→ Goal of the exercise:
Exact retyping of the data: please keep every word and drop each picture.

→ Data excerpt:
============================================================
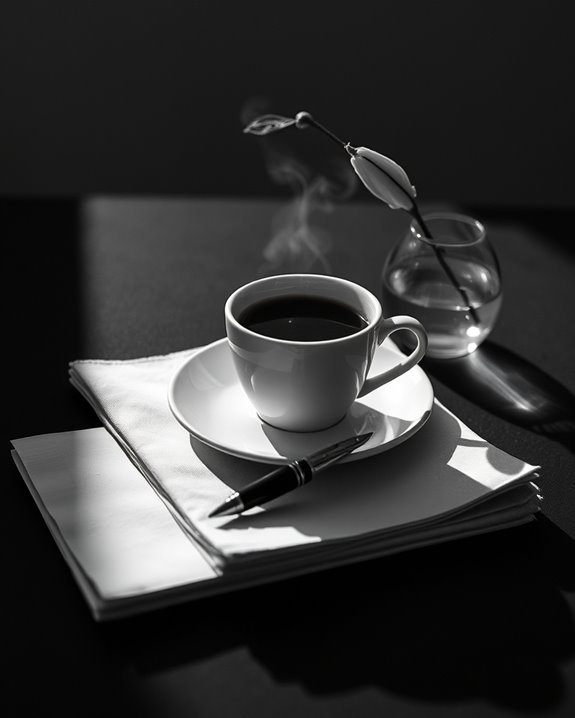 uplifting quotes for tuesday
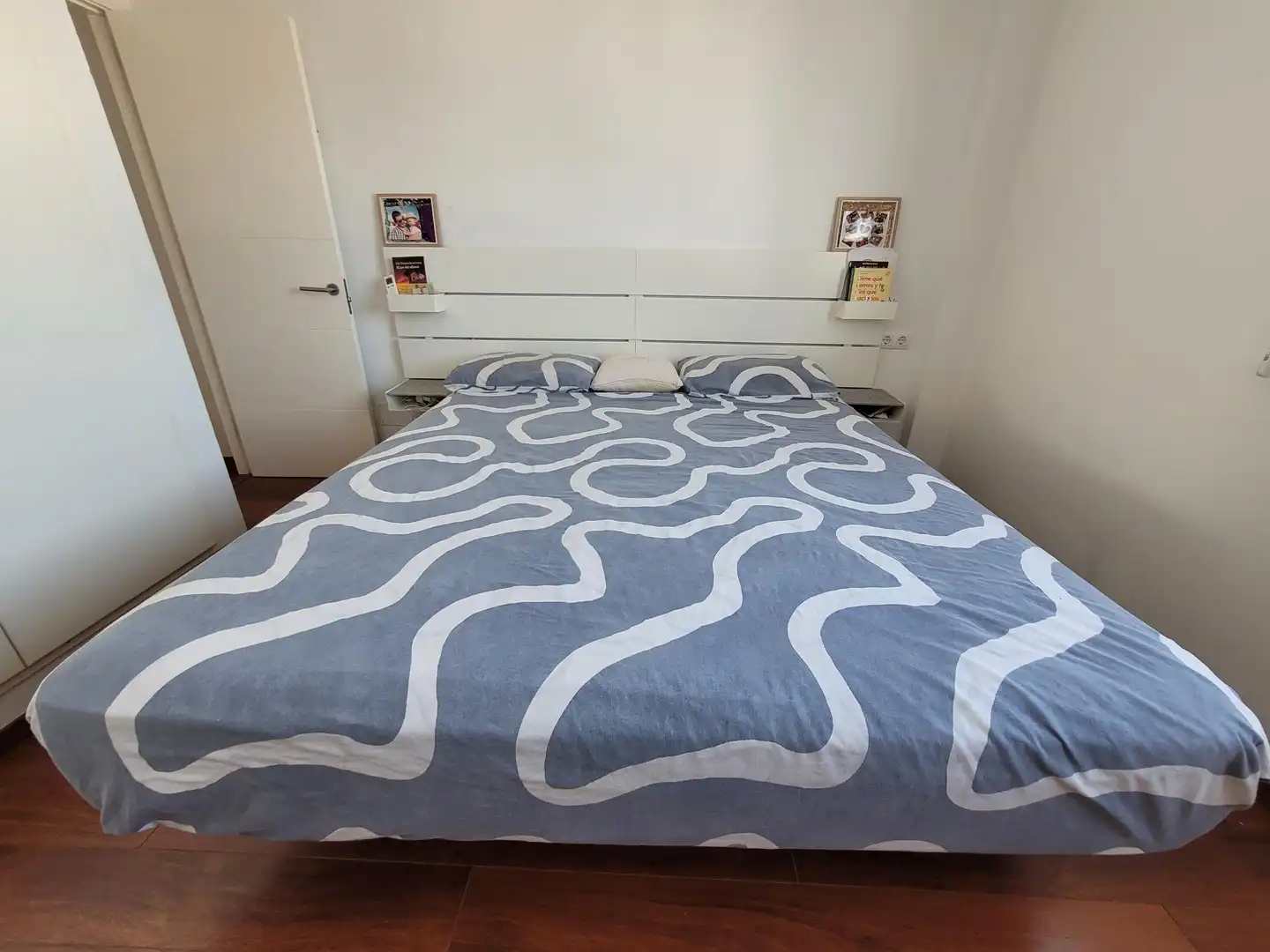 Duplex for sale in Ciutadella, imagen 26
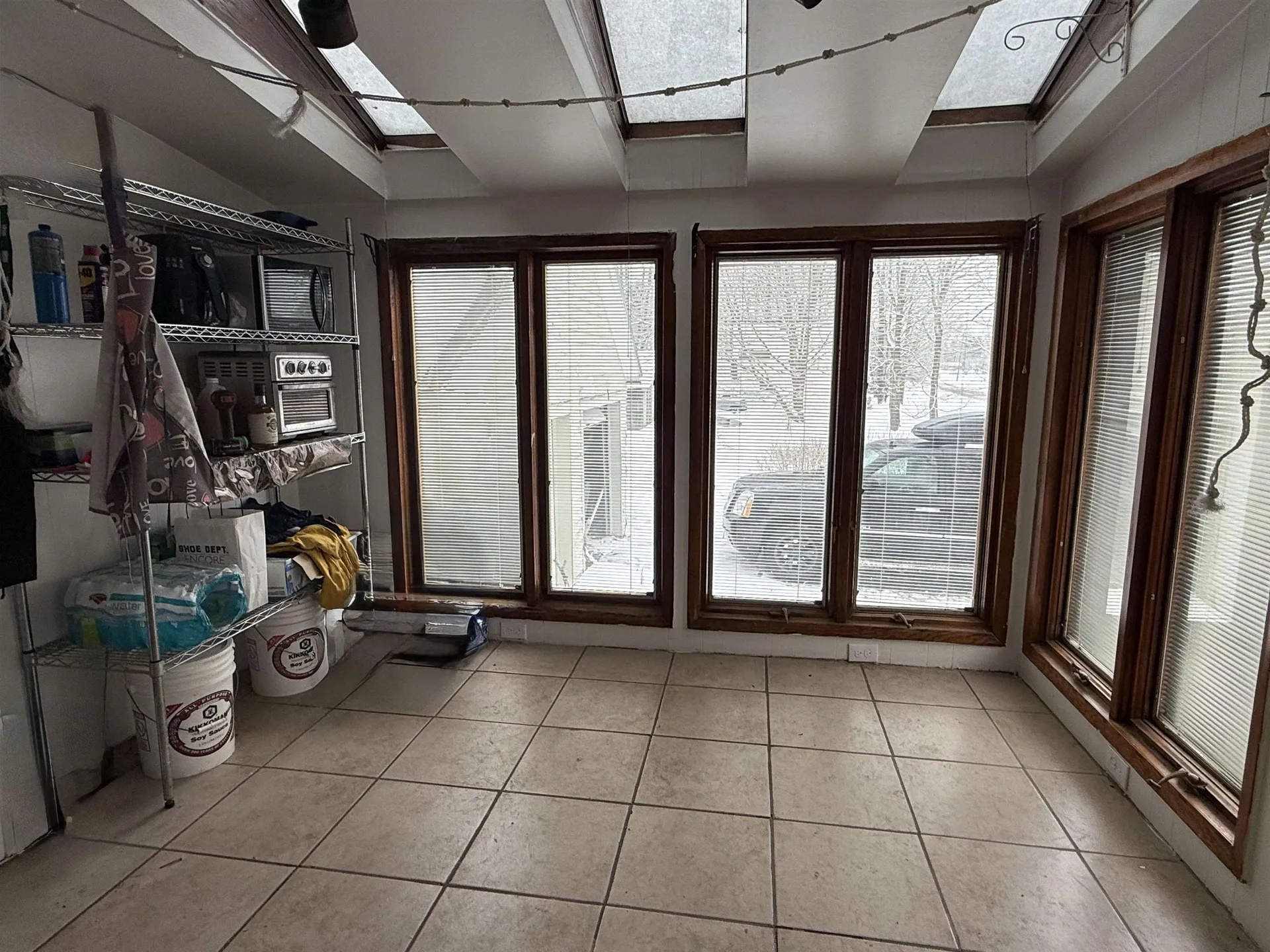 119 Town Farm Road Brandon VT 05733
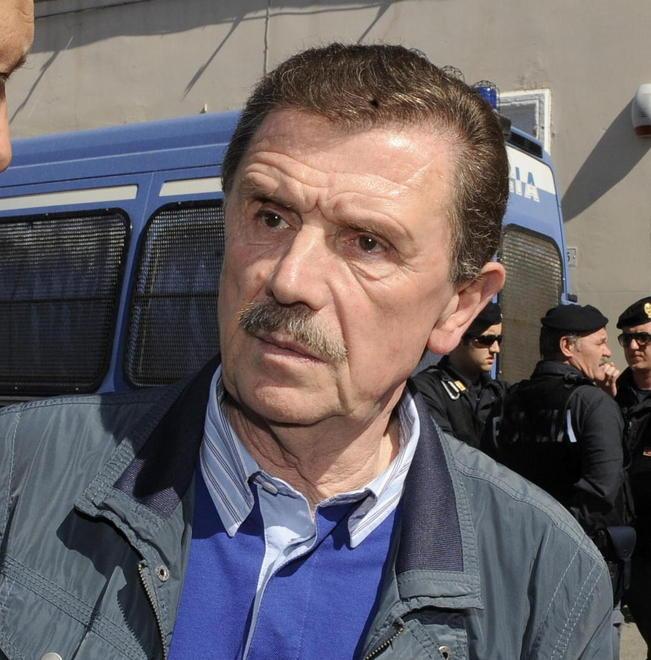 “Vigilini” da risarcire «La Uil è un po’ confusa»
============================================================
→ Answer box:
 uplifting quotes for tuesday
 Duplex for sale in Ciutadella, imagen 26
 119 Town Farm Road Brandon VT 05733
 “Vigilini” da risarcire «La Uil è un po’ confusa»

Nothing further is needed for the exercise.